Begleitend zu deinem Buch hast du eine Klangcollage gemacht, die aus verschiedenen Klangdimensionen besteht – etwa dem hörbar gemachten Klang des Vorderglärnisch, Stimmen und verschiedene Schwingungen. Wie bist du vorgegangen?
Wie erwähnt, die Klangcollage war eigentlich zuerst. Die Texte wurden aus dem Ton geboren – und ich glaube das hört man ihnen an. Von März bis Ende Oktober 2019 unternahm ich 36 Aufnahmereisen an den Berg. Das begann mal mit konventionellen Luftschallmikrofonen. Dann begann ich auch mit selbstgelöteten Piezomikrofonen und Kontaktmikrofonen Objekte am Berg abzutasten und aufzunehmen. Felswände, Baumstrünke, Seilbahnen usw. Irgendwann begann ich auch mit Geophonen zu experimentieren und traf auf den Geophysiker Jeff Moore an der ETH Zürich. Er fand meine Idee, den Berg als Klangkörper zu erfassen, dermassen verrückt und spannend, dass er beim Schweizer Erdbebendienst zwei Breitbandseismografen auslieh, um am Vorderglärnisch über mehrere Stunden die Bewegung des Bergs einzufangen. Diese Daten verwandelten wir später am Computer in Audio, indem wir sie um ein Vielfaches schneller abspielten (Audifikation). Mein Vorgehen war dabei immer getrieben von der Idee und der Lust, Dinge einfach auszuprobieren, nicht unbedingt von einer wissenschaftlichen Systematik. Die Aufnahmesessions am Berg waren meditative Drifts, Annäherungen an die verschiedenen Klangsphären und Aggregatszustände dieses Objekts.

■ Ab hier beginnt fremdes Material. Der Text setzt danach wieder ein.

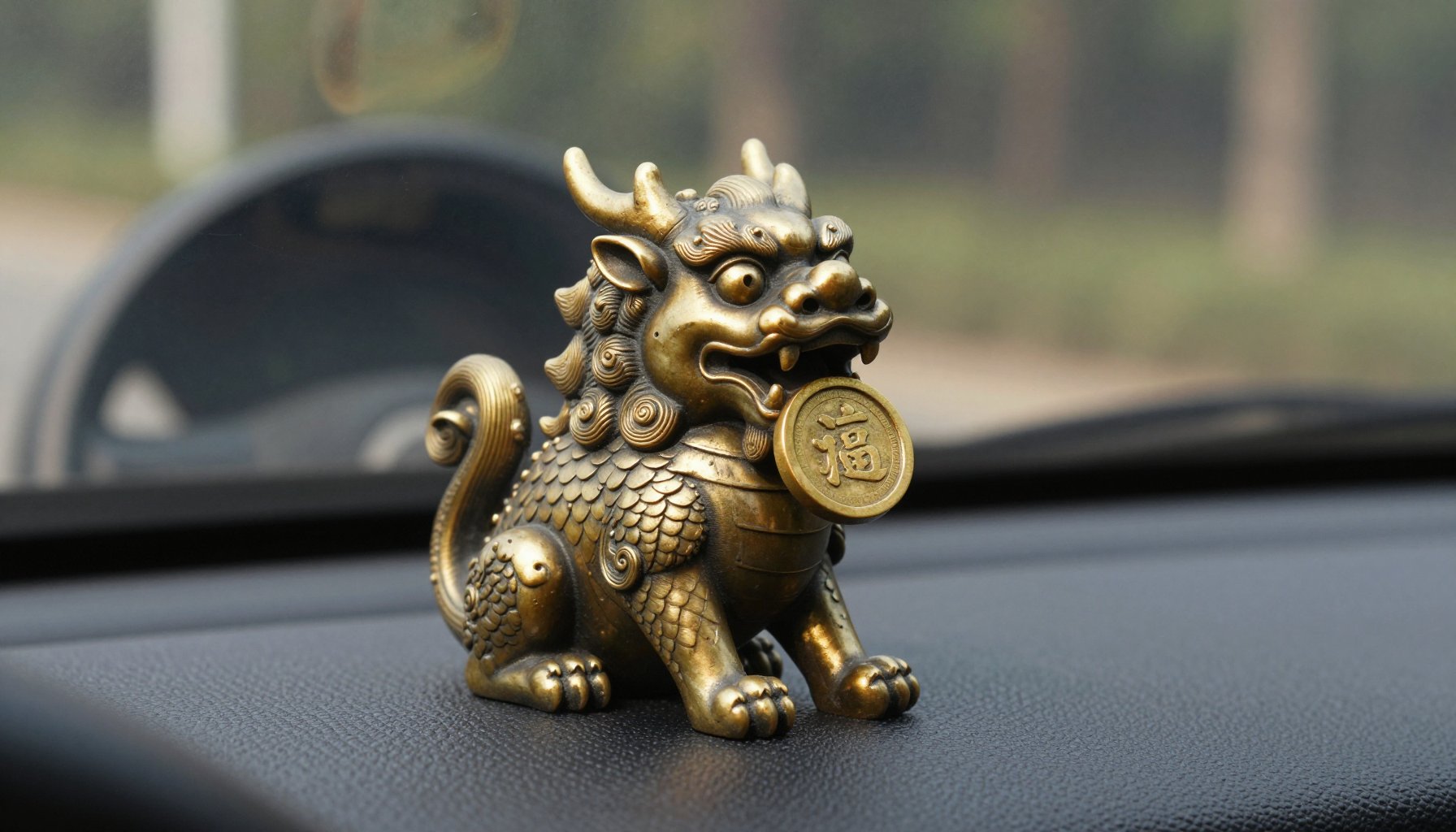 tượng tỳ hưu ngậm tiền ô tô tại showroom dotrangtrioto.com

«Der zweite Kopf wuchtig befichtet / ein weisses Auge auf der steilen Stirn / zerfurcht verrunzelt Kinn und Hals / die Nase muss darunter sein» – Worin besteht für dich die Faszination des «menschliche Züge in einen unbelebten Berg»-Lesens?

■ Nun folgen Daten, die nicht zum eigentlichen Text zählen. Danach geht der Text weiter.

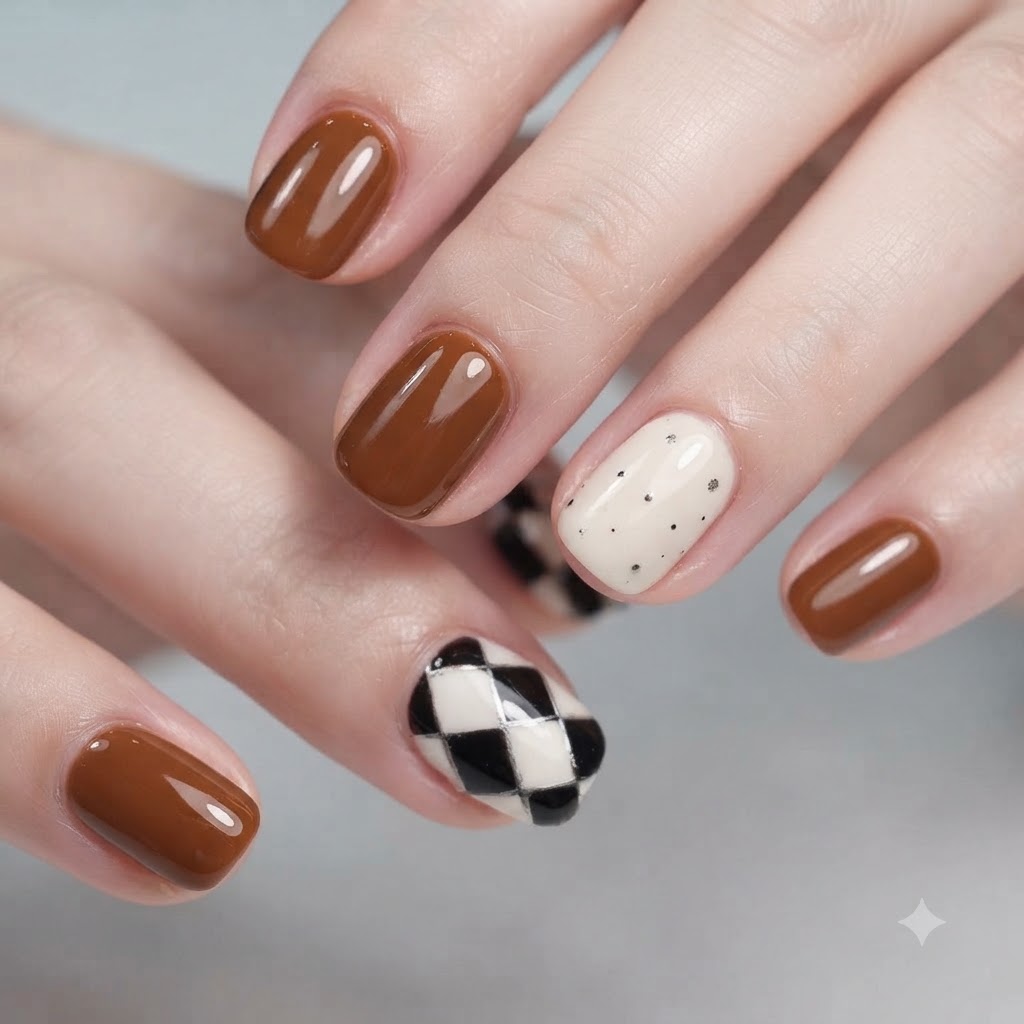 Makroaufnahme eines cremefarbenen Nagels, dekoriert mit winzigen schwarzen Polka Dots und einer dünnen linearen Akzentlinie.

Das Anthropomorphe hat mich immer fasziniert. Der Glaube daran, dass alles um uns lebt und beseelt ist. Sei dies nun ein Tisch, ein Heizkörper oder ein Berg. Gerade in Zusammenhang mit Kontaktmikrofonen ist das auch spannend, da man damit Objekte zum Tönen bringen kann, die scheinbar gar nicht tönen. Die zitierte Stelle stammt aus dem Gedicht «Farbtafel» – mehr oder weniger das einzige Gedicht im ganzen Buch, das sich über das Visuelle aufbaut. Ich fand einfach, dass mindestens ein visueller Annährungsversuch da reingehört, wenn ich mich sonst so fest dem Ton verschreibe. Das mit den «menschlichen Zügen in Dingen»-Lesen hat natürlich auch Grenzen und kippt sehr schnell in Kitsch – mir war von Anfang an klar, dass ich damit so spärlich wie möglich umgehen möchte.
Hast du ein Foto von der konkreten hier beschriebenen Bergpartie?

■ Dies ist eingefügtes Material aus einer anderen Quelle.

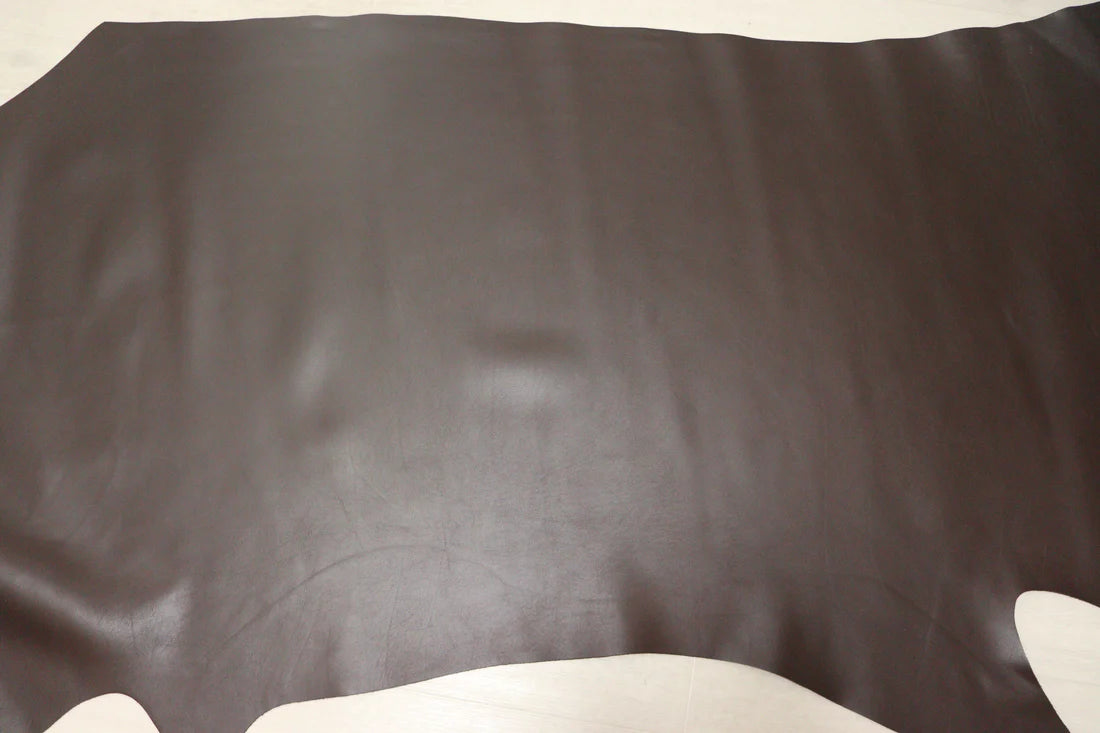 ds45円!イタリアンレザー セミアニリン ヌメ革 ダークブラウン 150ds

Leider habe ich keinen spezifischen Ausschnitt davon. Aber ich schicke dir ein Bild, das den Berg aus der Gleichen Perspektive zeigt, aus der das Gedicht geschrieben wurde. So könnten sich eure Leserinnen bei Interesse auf die Suche machen nach dem zweiten, wuchtig befichteten Kopf.
Du beschreibst den «Gleiterbach» in einer sechsseitigen Serie von Texttafeln, die ausschliesslich aus «SCHHHHH», «sucheoioi» oder «HCHHCH» etc. besteht. Wie ist dieses Werk entstanden?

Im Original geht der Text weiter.